- How do I get my boyfriend to be nice to me?
Dear Lamenting Lover,
We’ve got one word for you: Pavlov. He holds the door for you? Toss him a Skittle. He compliments you? Chuck a Kit Kat at his face. The wonders of psychology are at your disposal. Is this manipulative and morally questionable? Absolutely. If you have morals just break up with him.
- I am deeply in love with Ava Neal (Class II) but I have a boyfriend. What should I do?
Dear Ava Neal’s secret admirer,
I am truly grateful you came to us for help because the solution couldn’t be more simple.
Break up with your boyfriend.
Yes, you read that correctly.
Boyfriends come and go (and don’t do much in general), but Ava Neal is a once-in-a-lifetime person. A blessing in mom jeans.

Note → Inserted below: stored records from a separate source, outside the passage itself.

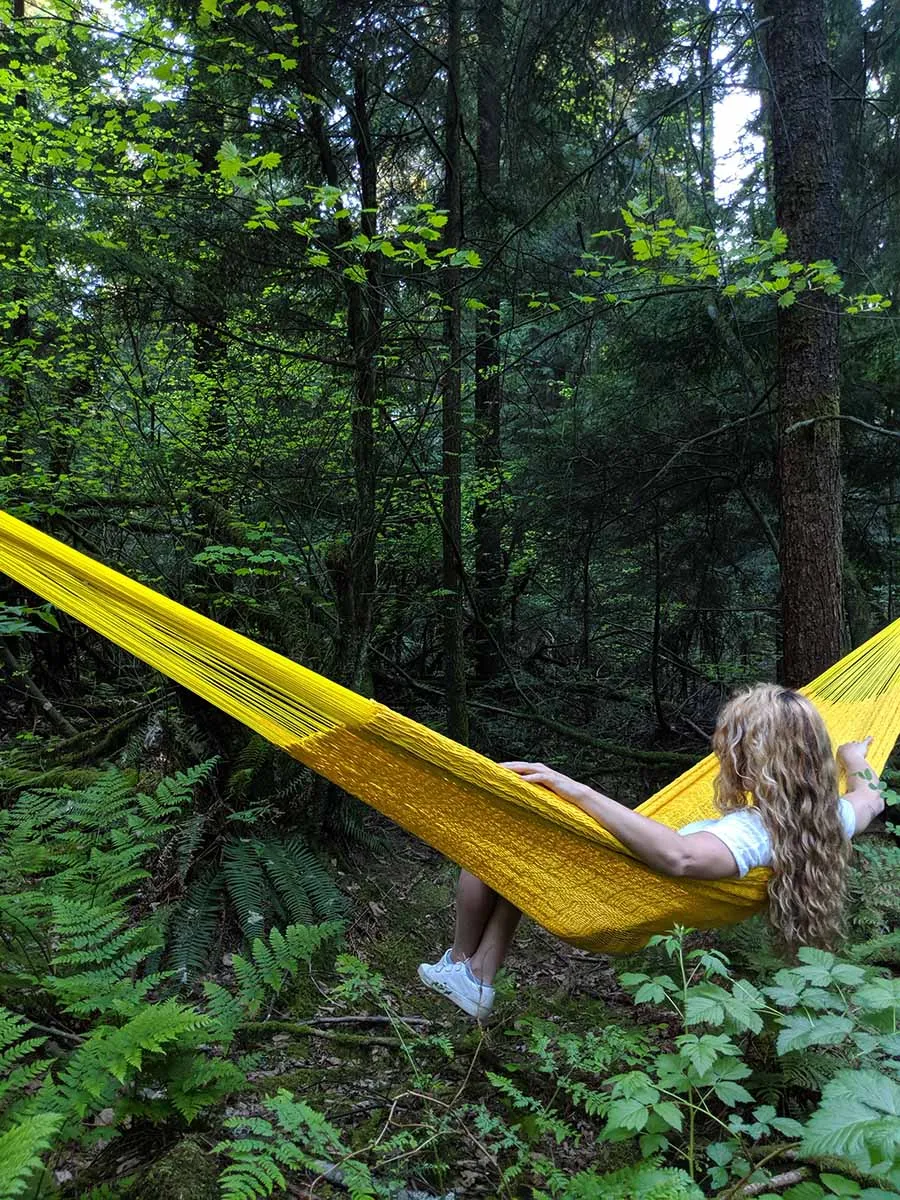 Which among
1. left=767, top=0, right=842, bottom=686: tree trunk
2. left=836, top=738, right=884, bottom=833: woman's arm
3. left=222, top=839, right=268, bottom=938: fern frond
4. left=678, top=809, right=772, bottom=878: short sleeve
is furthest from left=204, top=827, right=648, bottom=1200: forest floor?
left=767, top=0, right=842, bottom=686: tree trunk

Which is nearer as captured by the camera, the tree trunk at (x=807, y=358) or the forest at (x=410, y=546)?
the forest at (x=410, y=546)

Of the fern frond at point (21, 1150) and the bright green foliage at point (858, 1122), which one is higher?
the bright green foliage at point (858, 1122)

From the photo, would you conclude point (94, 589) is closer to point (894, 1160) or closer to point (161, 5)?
point (894, 1160)

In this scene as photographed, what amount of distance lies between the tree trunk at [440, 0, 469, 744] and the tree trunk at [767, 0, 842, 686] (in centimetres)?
121

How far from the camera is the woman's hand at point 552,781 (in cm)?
Result: 130

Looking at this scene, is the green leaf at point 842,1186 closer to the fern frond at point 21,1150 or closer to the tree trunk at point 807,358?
the fern frond at point 21,1150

I doubt you’ll get with her because she is out of everyone’s league, but feeling that love for Ava cures the worst diseases and clears up your skin. It gets you A-pluses on each exam and freshens your breath.

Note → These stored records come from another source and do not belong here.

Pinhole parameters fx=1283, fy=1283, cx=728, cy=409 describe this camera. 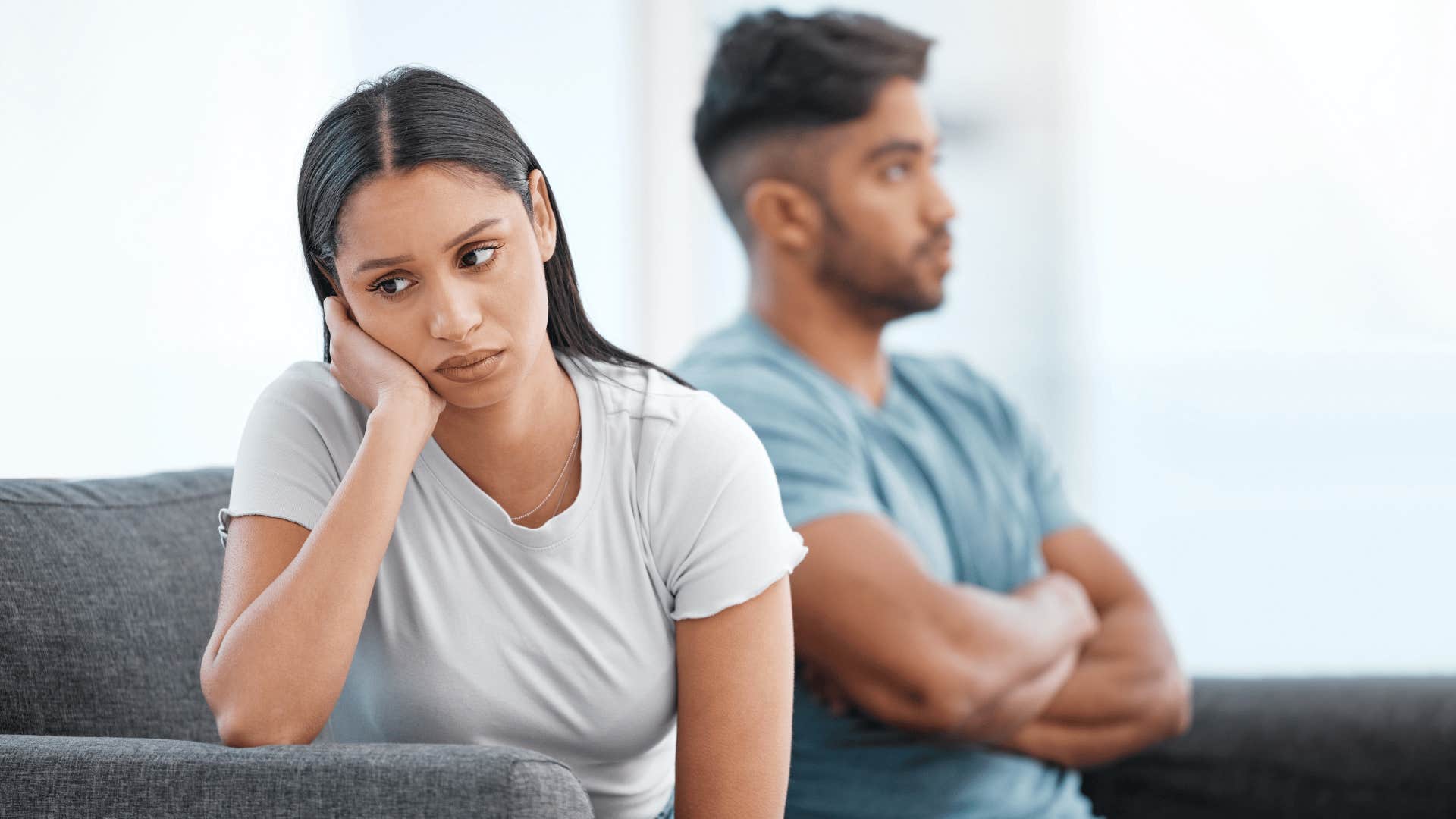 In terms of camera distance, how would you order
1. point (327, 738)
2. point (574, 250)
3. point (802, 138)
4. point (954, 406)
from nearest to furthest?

Boyfriends are disposable, but Ava Neal is forever.
- Is Ryan Sanghavi (Class I) single?
Dear Ryan’s future spouse,
I’m honestly too scared to ask him, but I’m going to assume that he is.
In the case that he is not in a relationship, here are some easy tricks to win over his heart 🙂
- Create a crossword puzzle in his honor, expressing your love for him.
- Call him to express your love for him. He won’t pick up, but he’ll be flattered
- Compliment his car. (Note: calling it a “tin can” or a “death trap” or a “Chevy at the levee if the Chevy made me want to cry” will not express your love for him).
- Why does it seem like I have a forcefield around me? Everyone that I go near takes two steps back.
Dear Lonesome Straggler,
Let’s keep this between you and me, but how often do you rinse off? Too personal perhaps, but a quick shower in the MAC lockers before assembly might help your case. We both know there’s nothing more attractive than the smell of hand soap.
Maybe watch the quantity of garlic bread and asparagus you eat in the morning? Stay safe and keep your meals aromatic.
If it’s not your hygiene that’s driving lovers away, you can always take a temporary vow of silence and see if it is really is just your personality.